Urbanismo desoyó tres años las denuncias vecinales sobre un edificio de apartamentos

Aspecto de los dos áticos con terraza construidos sobre el edificio protegido. /Ñito Salas
Aspecto de los dos áticos con terraza construidos sobre el edificio protegido. / Ñito Salas

El establecimiento, ubicado en la calle Echegaray, opera sin el permiso de cambio de uso que tiene que conceder el Ayuntamiento

Jesús Hinojosa
JESÚS HINOJOSAMálaga

La proliferación de edificios de apartamentos turísticos en el Centro sigue entrando en colisión con los derechos de vecinos residentes que, en ocasiones, se ven impotentes al comprobar que las denuncias que presentan ante el Ayuntamiento caen en saco roto o tardan demasiado tiempo en ser atendidas. A finales del año pasado, este periódico se hizo eco del caso de un hostel situado en un edificio de oficinas de la calle Panaderos que finalmente, al ser denunciado por otros propietarios del inmueble, cerró tras recibir una orden del Consistorio, al carecer de los permisos necesarios para funcionar. En una situación parecida se encuentra un edificio de apartamentos turísticos de la calle Echegaray respecto al que los vecinos del entorno presentaron denuncias que tardaron tres años en ser atendidas por la Gerencia Municipal de Urbanismo.
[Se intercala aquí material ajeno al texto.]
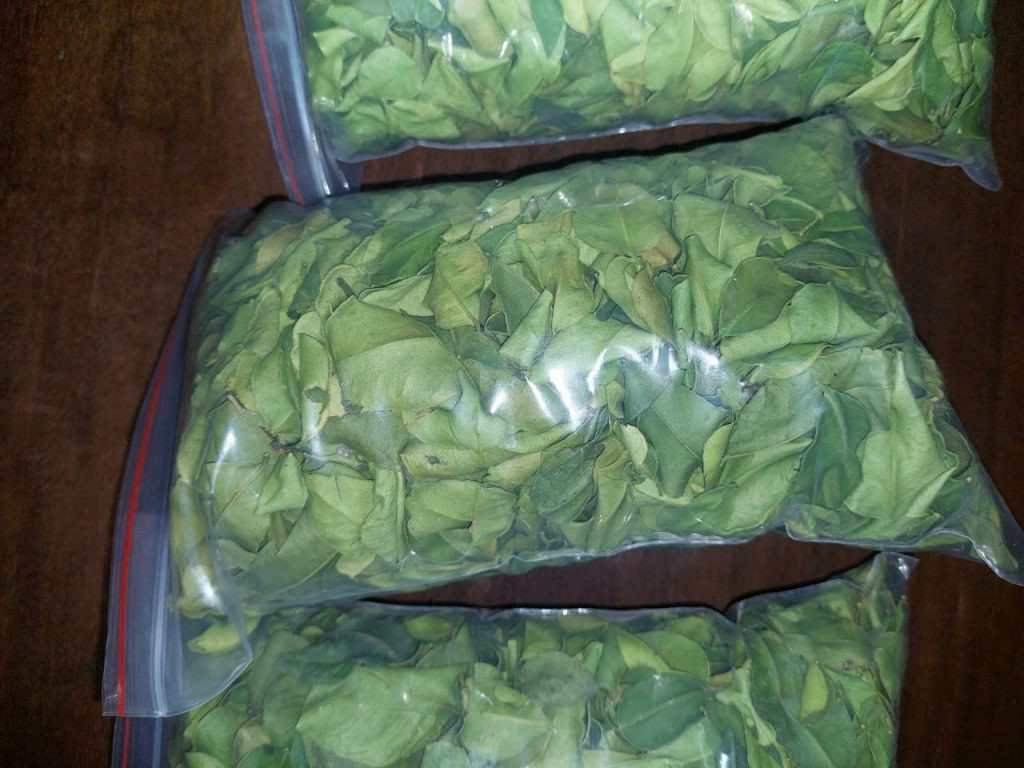 Lá chanh xuất sang thị trường nước ngoài thường phổ biến với 2 cách đóng gói. Một là đóng gói chung thành túi gia vị, bao gồm các loại khác như sả, ớt,...Hai là đóng thành túi dạng 15-25g. Ảnh: Internet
El inmueble en cuestión, ubicado en el número 7 de la calle, frente al Teatro Echegaray, cuenta con protección arquitectónica de grado 1, por lo que la actuación máxima que se podía hacer en él era la rehabilitación, sin aumentar superficies edificables ni producir cambios en su configuración externa. Desde el momento en que se llevaron a cabo las obras, vecinos del entorno presentaron las correspondientes denuncias en Urbanismo, alertados por la construcción que se estaba realizando. Según la documentación a la que ha podido tener acceso este periódico, uno de esos escritos entró en el registro de la Gerencia el 6 de octubre de 2015, y también llegó otro al Ayuntamiento el 19 de junio del año pasado. Sin embargo, no fue hasta tres años después, el 4 de octubre de 2018, cuando el servicio de Infracciones de Urbanismo redactó el primer informe respecto a este asunto, justamente un día antes de que el grupo municipal de IU-Málaga para la Gente pudiera tener acceso al expediente, que previamente había demandado a raíz de las denuncias de los vecinos afectados.
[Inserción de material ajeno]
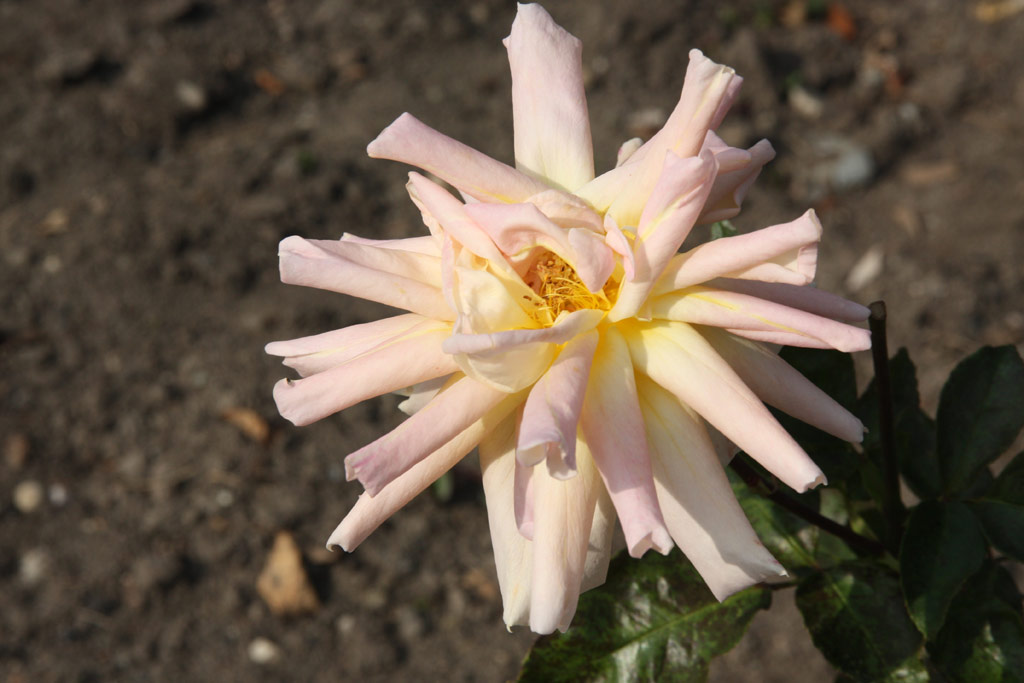 růže Roxana (Dickson)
El Consistorio valoró las obras realizadas un día antes de que IU-Málaga para la Gente pudiera acceder al expediente

En ese informe, se admite que la visita del inspector municipal se produjo el 25 de julio del año pasado, un mes después de la denuncia vecinal de junio, y se reseña que el edificio presenta actualmente «cinco plantas sobre rasante, lo que se contradice con la ficha del catálogo de edificios protegidos en el que señala que son cuatro plantas en total». «Se observa que junto al patio interior medianero con el edificio número 5 de la misma calle, en origen tenía una altura menos. Al día de la fecha presenta la misma altura que el resto de la edificación, de lo que se deduce que ha ampliado por elevación esta parte del inmueble», añade el informe, que concluye que «se puede apreciar la existencia de una planta de más».

La Junta también avisó

También la delegación provincial de la Consejería de Cultura alertó en mayo de 2017 a Urbanismo de que había detectado una volumetría en el edificio que no se correspondía con su configuración original, por lo que podría no ser compatible con su protección y pedía al Ayuntamiento que lo investigara. Sin embargo, según señalaron ayer desde Urbanismo, el expediente de infracción por obras se ha archivado porque la elevación de planta estaba contemplada en el proyecto que fue autorizado por la Gerencia, que analiza si pudo existir «falsedad documental» en los planos que se aportaron para obtener la licencia.

No obstante, Urbanismo sí mantiene en curso un expediente de infracción por el uso del inmueble para apartamentos turísticos sin que haya obtenido aún la licencia de cambio de uso para ello, ya que la licencia de obras para la reforma fue concedida para viviendas. Fuentes cercanas a la sociedad gestora de los apartamentos, que se anuncian como Picasso Suites junto con unos existentes en la calle San Agustín, aseguraron que llevan «tres años para obtener el cambio de uso» y confiaron en estar «al final del recorrido» para recabarlo.

Por su parte, algunos de los vecinos que presentaron las denuncias mostraron su malestar por la lenta intervención del Ayuntamiento. «No han movido nada hasta que IU se ha interesado. Llegué a hablar con técnicos de Urbanismo, pero nunca me hicieron caso», relató una vecina.